Airbus and Boeing ended the Dubai Airshow head to head on Wednesday after bagging major orders as the European producer widened the gap on its US rival by promoting eco-friendly, single-aisle jets.
The prestigious aviation show was kicked off with a record order by Emirates for 50 Boeing long-range 777-300ER jetliners, in an $18-billion deal that also confirmed the Dubai-based carrier as the largest operator of 777s.
And the American manufacturer topped off its single largest dollar-value order with the sale of two 777 freighters to Qatar Airways for $560 million.
Airbus meanwhile had to endure apparently tough last-minute talks with Qatar Airways for a large order anticipated since June.
The Gulf carrier’s chief Akbar al-Baker cancelled a commercial announcement with the European company on Tuesday, and went instead to a joint news conference with Boeing, lashing out at Airbus by saying the manufacturer was “still learning how to make airplanes.”
Few hours later, he turned up all smiles for a joint briefing with Airbus, announcing the long-awaited order which gave a large boost to the recently launched A320neo fuel-efficient jetliner, of which he ordered 50.
In addition, he doubled the carrier’s order for the A380 superjumbo to 10. The total deal is valued at $6.4 billion at list price.
Airbus sold 50 other A320neos to the Kuwait-based leasing firm ALAFCO for $4.6 billion and 30 others to US-based lessor Aviation Capital Group for $2.7 billion.
Meanwhile, Florida-based carrier Spirit Airlines signed a preliminary agreement for 45 A320neos, in addition to 30 A320s with sharklet wingtips, in a deal valued at $6.7 billion.
Airbus said Wednesday its sales of the recently launched fuel-efficient A320neo single-aisle jetliner have climbed to 1,268 units, including 130 ordered at Dubai Airshow this week.
“Our A320neo has again been the star of the show,” Airbus commercial director John Leahy said on the fourth day of the show which concludes Thursday.

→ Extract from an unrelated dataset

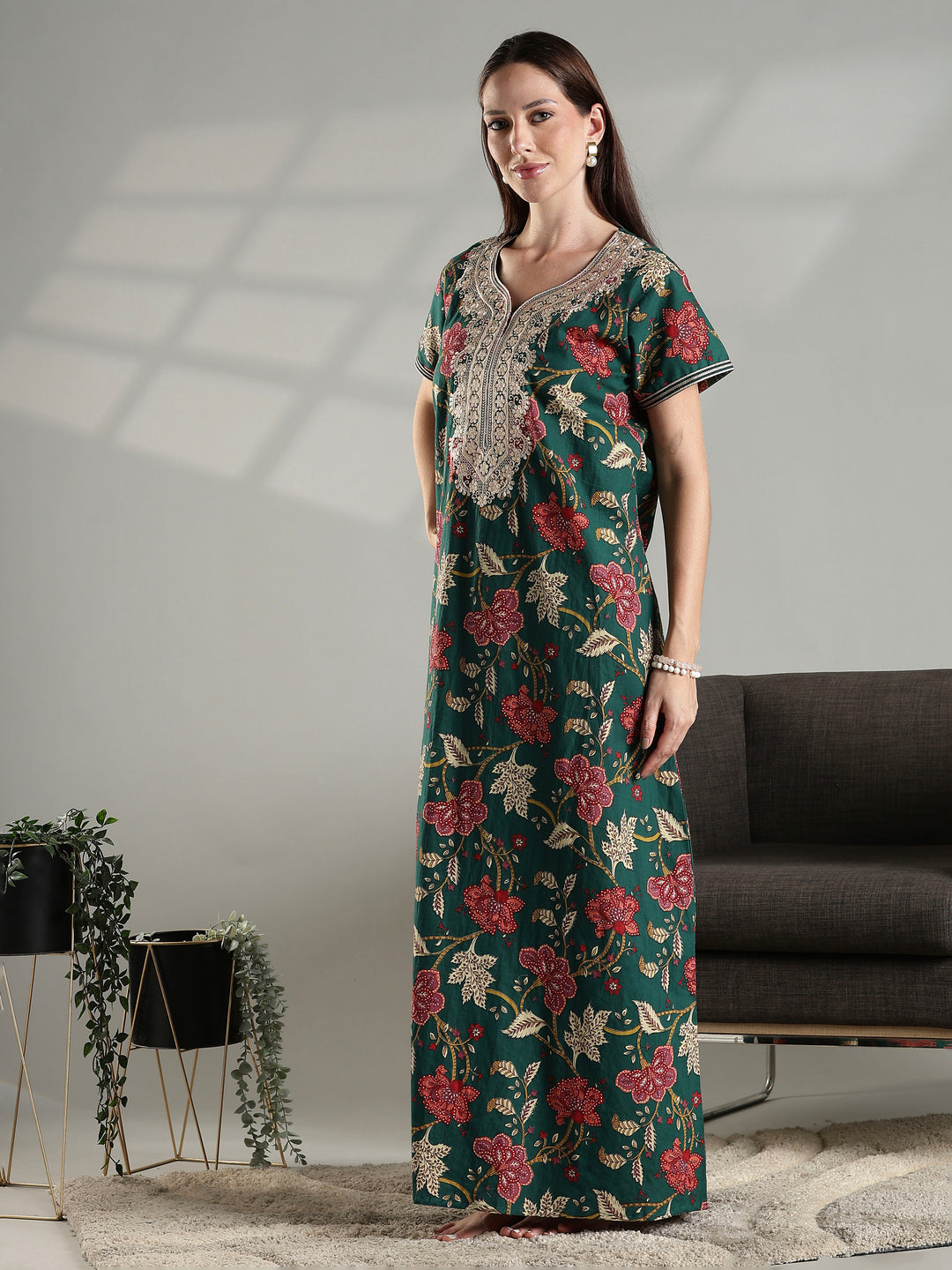 Green premium pure cotton nighty dress for women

Launched in December 2010 and scheduled to enter service in October 2015, the new version of the A320 family has a list of 21 customers, with AirAsia being the largest single customer after ordering 200 planes.
Five customers have also signed memorandums of understanding for 152 aircraft, bringing the total number to 1,420 units, making it the fastest selling aircraft ever, according to its maker.

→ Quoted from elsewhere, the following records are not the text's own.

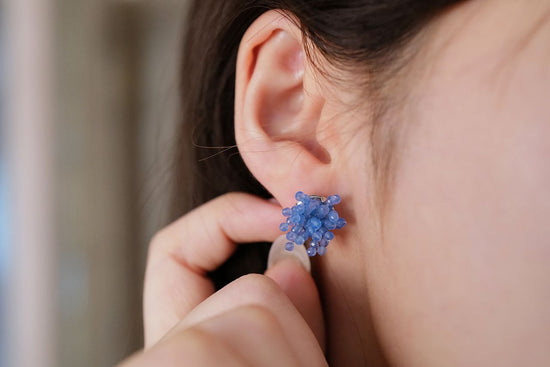 Coral Blue Agate Pierced earrings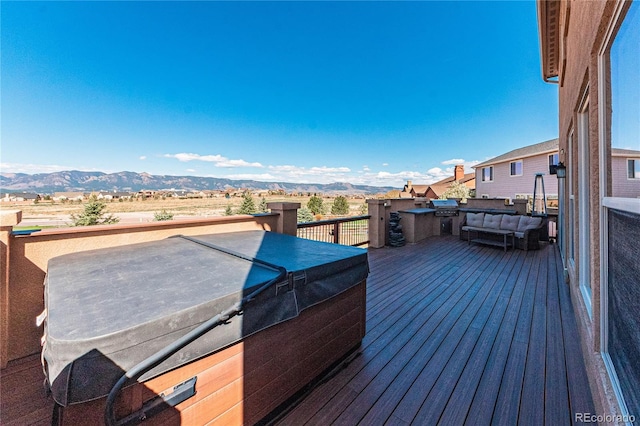 2459 Delicato Ct, Colorado Springs, CO 80921 - wooden terrace featuring a mountain view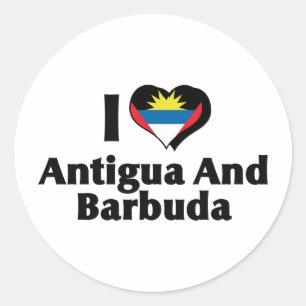 Adesivo Redondo Eu Amo a Bandeira de Antígua e Barbuda
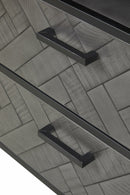 Vitrinekast | Meubelserie Micras | Donkergrijs, zwart | 110 x 42 x 200 (h) cm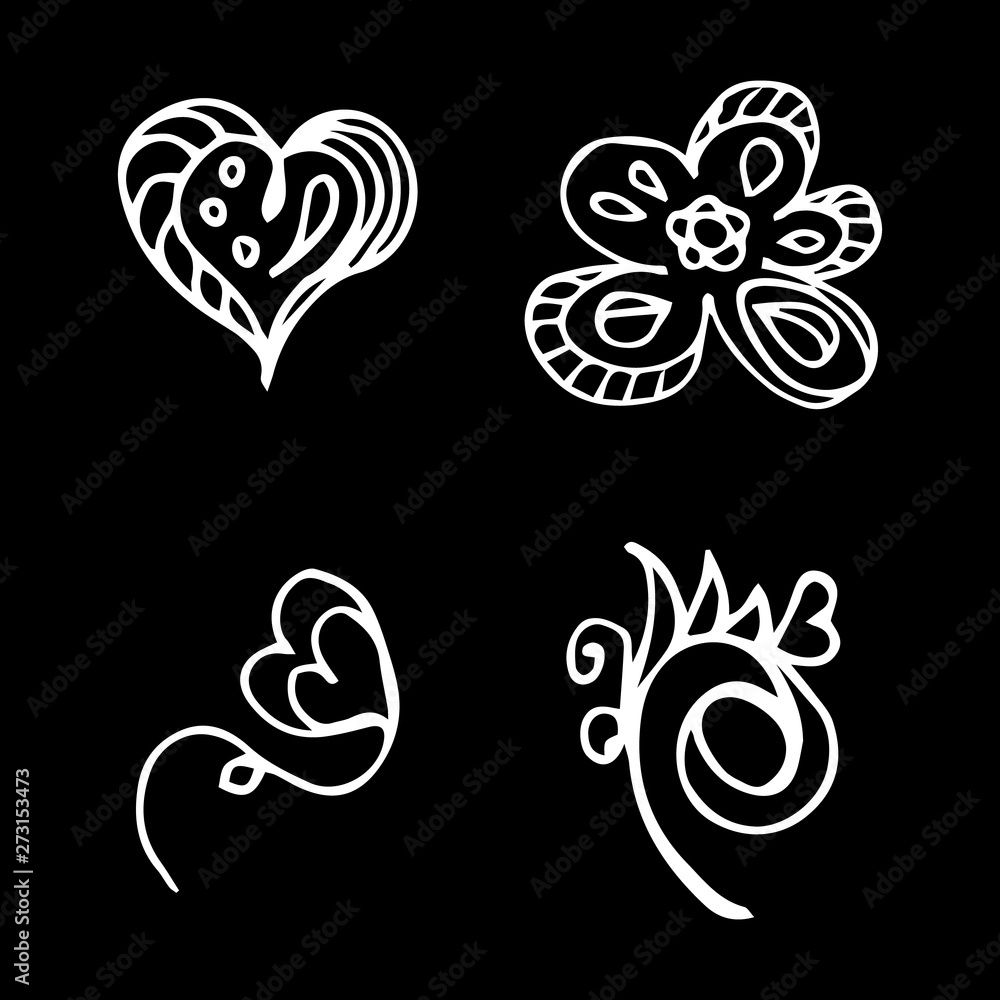 Flowers and hearts hand drawn doodle collection isolated on black background. 4 floral graphic elements. Big set. Outline collection Flowers and hearts hand drawn doodle collection isolated on black background. 4 floral graphic elements. Big set. Outline collection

Airbus says the A320neo airliner will deliver a 15 percent cut in fuel consumption thanks to the latest generation engines and large sharklets devices.
In August, Airbus’ US rival Boeing, launched its 737 MAX single-aisle aircraft, which builds on its 737 Next-Generation to be more fuel efficient.
The 737 MAX promises a 16 percent improvement in fuel use per seat compared to current competitors and is expected in service in 2017.
The Seattle-based manufacturer has received orders and commitments for 700 units so far, Boeing deputy marketing director Randy Tineth told AFP.
“We have some catching up to do. But we will go back up to a 50 percent (single-aisle) market share, and then push the envelope to see if we can go beyond that,” he said.
Leahy acknowledged that Airbus would not maintain its current large share in the market for the single-aisle, eco-friendly aircraft, which he put at 70 percent.
“We really don’t want to be at the level we are today in terms of market share. We would like to keep our market share in a band of 50 to 60 percent range. I think that is a sustainable situation in a duopoly,” he told reporters.
But in the case of wide-body aircraft, the Emirates’ order of 50 B777 from Boeing showed Airbus to be losing ground due to the delay in the production of its A350.
“The A350 took a blow this week. When companies order that many 777s, they are going to stay with for a while,” said analyst Richard Aboulafi from US-based group Teal.
He said that “Airbus had been ahead in terms of wide-bodies in the region.”
Emirates had placed firm orders for 50 A350-900s and 20 A350-1000s, and took options for 50 A350-900s in 2007, a year after the aircraft was launched.
But its manufacturer announced last week a delay of six months, with first deliveries pushed back to the first half of 2014.
Boeing’s Tinseth praised the 777 which could carry 365 passengers, saying it had a year of an incredible success. Boeing grabbed 184 orders for this type in 2011, breaking the 154 record reached in 2005.
The two manufacturers meanwhile sounded upbeat about prospects for growth in the Middle East market over the next two decades.
Airbus forecast Middle East carriers will require 1,921 new passenger and freighter planes between 2011 and 2030, valued at $347.4 billion, of which 1,882 would be passenger planes.
Boeing was even more upbeat, projecting a Middle East market of $450 billion with demand for 2,520 aircraft by 2030.